Shaughnessy is among the Missourians contributing to Occupy New Hampshire. The movement, which started with a focus on Wall Street, has expanded across the country. It’s a mixed bag of protest against poverty, what its members consider corporate greed and the growing income inequality in the United States with most of the country’s wealth going to the top 1 percent instead of — in the movement’s slogan — the other 99 percent.
Occupiers usually camp out in public places, chanting and singing their messages. In New Hampshire, the Occupiers staged a funeral procession, marking what they consider to be the death of the American dream.
Victor Lee, 30, another Kansas City, Mo., has been traveling to different Occupy groups around the country. Winter is the off-season from his job as a painter, he said.
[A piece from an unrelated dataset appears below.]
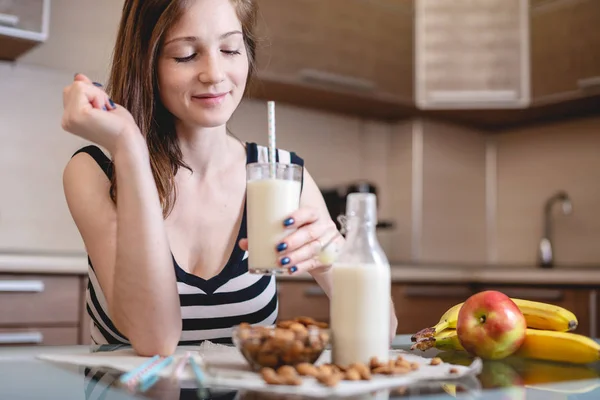 Mujer Bebiendo Leche Almendras Orgánica Sosteniendo Vaso Mano Cocina Botella — Foto de Stock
So far, he said, he has been to the Occupy encampments in Kansas City, Mo.; Denver, Colo.; and Austin, Texas.
“I want to see a change in America,” Lee said. “We need the real 99 percent out here, and I have a feeling that it’s going to get a lot worse before that 99 percent shows up.”
As a Ron Paul supporter, Lee said, he trusted the libertarian small-government presidential candidate more than others. “He’s out there for the people,” Lee said. “He seems to be more straight to the point, and not ‘I’m Mr. executive bad ass.’”
Debra Dickerson, originally from St. Louis, Mo., and a Harvard Law School graduate, has adopted the Occupy movement because of what she sees as its committment to social justice.
In her earlier career, Dickerson, 52, has written for Mother Jones magazine, The Washington Post, The New York Times Magazine, Good Housekeeping, the New Republic, Slate, the Village Voice and Essence. Now, she said, she is not sure where she will sleep. She is struggling, she said, after a financially devastating divorce. She has described herself in some interviews as “homeless.”
She is sharply critical of the wealthy elite. “The one percent have just taken away one liberty after another,” Dickerson said.
For his part, Kansas City artist Shaughnessy is happy to be a “spectacle” for Occupy. Witness the hay ball on his car. In his day job, he’s an art teacher at the University of Southern Maine. He praises the Occupy movement for educating the public about what he sees as political corruption.
“The country’s a mess,” Shaughnessy said. “Our politicians are bought and sold.”
(Kathleen Lees, a graduate student in magazine, newspaper and online journalism at Syracuse University, contributed this story to My Missourian. )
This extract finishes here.